TO DO
Transcribe, word for word and without additions, each line below from the one containing "Teremos esse luzeiro" through the one containing "Que tenhamos um ótimo dia!", both ends included.

AVAILABLE DATA
==================================================

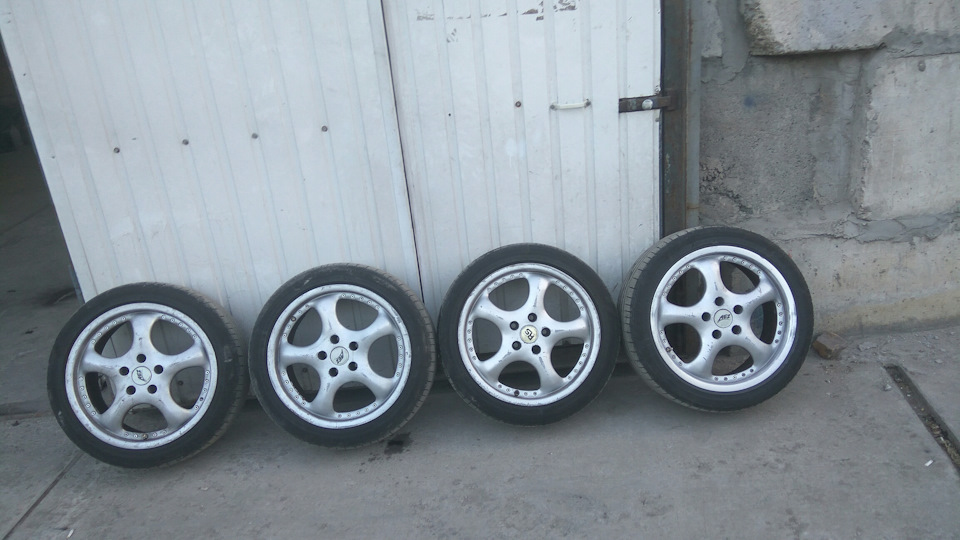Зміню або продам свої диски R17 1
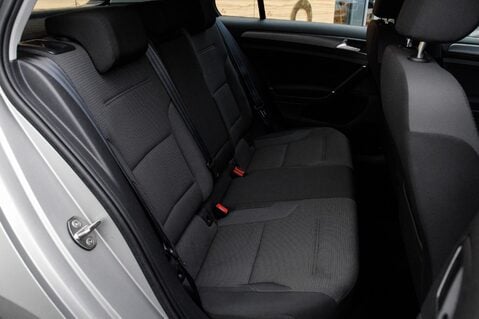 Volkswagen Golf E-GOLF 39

==================================================

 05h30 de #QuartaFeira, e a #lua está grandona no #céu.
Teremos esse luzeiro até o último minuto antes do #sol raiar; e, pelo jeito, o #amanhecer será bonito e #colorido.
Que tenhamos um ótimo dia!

==================================================

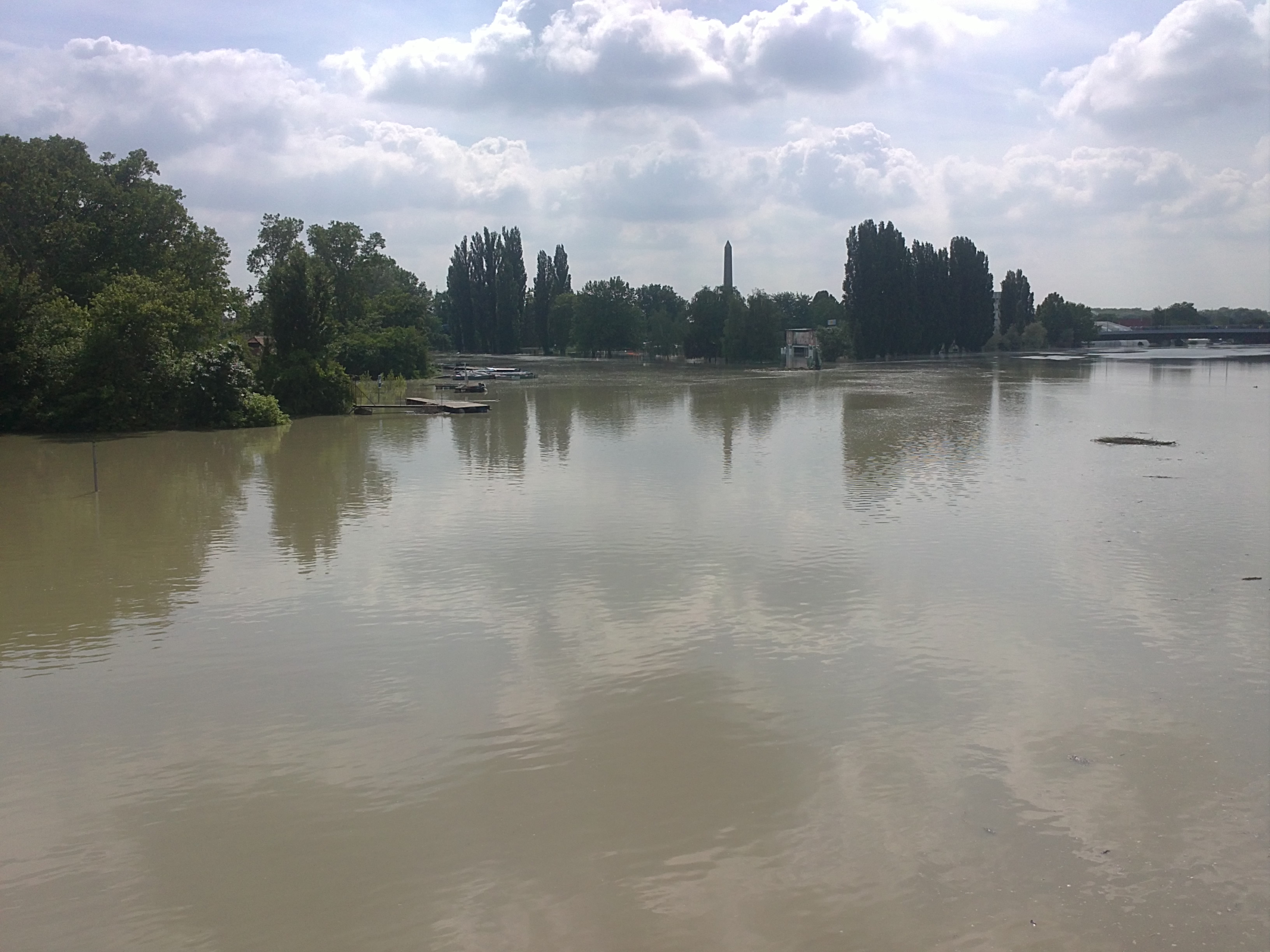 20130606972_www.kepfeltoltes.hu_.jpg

==================================================

SOLUTION TO THIS TASK
Teremos esse luzeiro até o último minuto antes do #sol raiar; e, pelo jeito, o #amanhecer será bonito e #colorido.
Que tenhamos um ótimo dia!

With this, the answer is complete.